In contrast with Pryor's investigatory actions, the Court finds that Pryor is entitled to absolute immunity for presenting the charges to the Christian County Grand Jury. The Sixth Circuit has stated that "absolute immunity is appropriate for claims based on the prosecutor's appearance at a probable cause hearing and before a grand jury." Spurlock v. Thompson, 330 F.3d 791, 797 (6th Cir. 2003); see also Koubriti, 593 F.3d at 467 ("On the other hand, prosecutors have absolute immunity from 'suits for malicious prosecution and for defamation, and . . . this immunity extend[s] to the knowing use of false testimony before the grand jury and at trial.'"); Akins v. Reed, No. 3:17-CV-P18-CRS, 2017 WL 1044697, at *2 (W.D. Ky. Mar. 17, 2017) ("Plaintiff's claim against Defendants regarding allowing false testimony against him in his grand jury proceeding is barred by absolute prosecutorial immunity."); Faller v. Rogers, No. CIV. 1:05CV-167M, 2006 WL 314554, at *6 (W.D. Ky. Feb. 8, 2006) ("Prosecutorial immunity extends to a prosecutor's decision on whether to prosecute a case or what evidence to present to a grand jury."). Therefore, the Court finds that Pryor is entitled to absolute immunity for presenting the charges to the Christian County Grand Jury.
2. Qualified Immunity
The defense of qualified immunity "shields government officials from 'liability for civil damages insofar as their conduct does not violate clearly established statutory or constitutional rights of which a reasonable person would have known.'" Smoak v. Hall, 460 F.3d 768, 777 (6th Cir. 2006) (quoting Harlow v. Fitzgerald, 457 U.S. 800, 818 (1982)). "In determining whether a law enforcement officer is shielded from civil liability due to qualified immunity, this court typically employs a two-step analysis: '(1) whether, considering the allegations in a light most favorable to the party injured, a constitutional right has been violated, and (2) whether that right was clearly established.'" Id. (quoting Estate of Carter v. City of Detroit, 408 F.3d 305, 310-11 (6th Cir. 2005)). The Sixth Circuit has noted, "it is generally inappropriate for a district court to grant a 12(b)(6) motion to dismiss on the basis of qualified immunity," because even though "an officer's 'entitlement to qualified immunity is a threshold question to be resolved at the earliest possible point,'" this is typically done at the summary judgment phase "and not [by] dismissal under Rule 12." Wesley v. Campbell, 779 F.3d 421, 433-34 (6th Cir. 2015) (quoting Vakilian v. Shaw, 335 F.3d 509, 516 (6th Cir. 2003)). Here, the burden is on Walden to show that Pryor is not entitled to qualified immunity. See Silberstein v. City of Dayton, 440 F.3d 306, 311 (6th Cir. 2006) ("Once the qualified immunity defense is raised, the burden is on the plaintiff to demonstrate that the officials are not entitled to qualified immunity.").

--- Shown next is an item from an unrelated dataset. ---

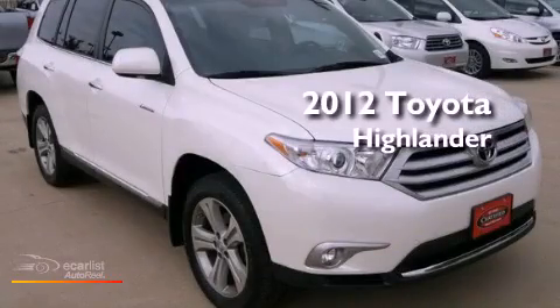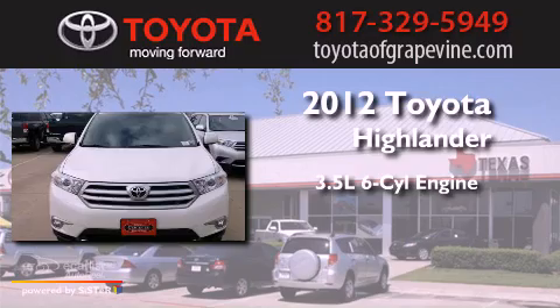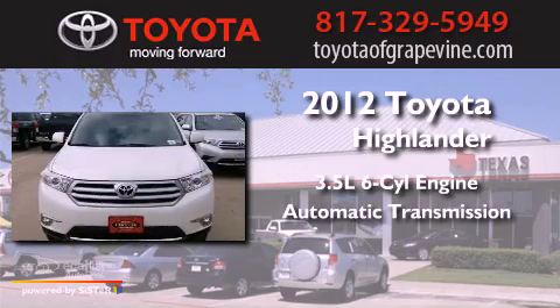This is a 2012 Toyota Highlander. It has a 3.5-liter six-cylinder engine and an automatic transmission.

Pryor asserts that qualified immunity bars Walden's § 1983 claim. [R. 4-1 at 11.] In response, Walden argues that Pryor's conduct "violated clearly established law of which a reasonable prosecutor would have known . . . ." [R. 6-1 at 7.] Specifically, Walden states that "[t]here is a wide variety of constitutional law which makes it impermissible for police officers to undertake an improper photo lineup of one." [Id.]
Under the first step of the qualified immunity inquiry, the Court must determine whether "the facts alleged make out a violation of a constitutional right." Wesley, 779 F.3d at 428. "If the plaintiff has shown a violation of a constitutional right, then '[t]he second [step] is to ask if the right at issue was "clearly established" when the event occurred such that a reasonable officer would have known that his conduct violated it.'" Id. Both of these inquiries must be resolved in Walden's favor for the claim to proceed. Id.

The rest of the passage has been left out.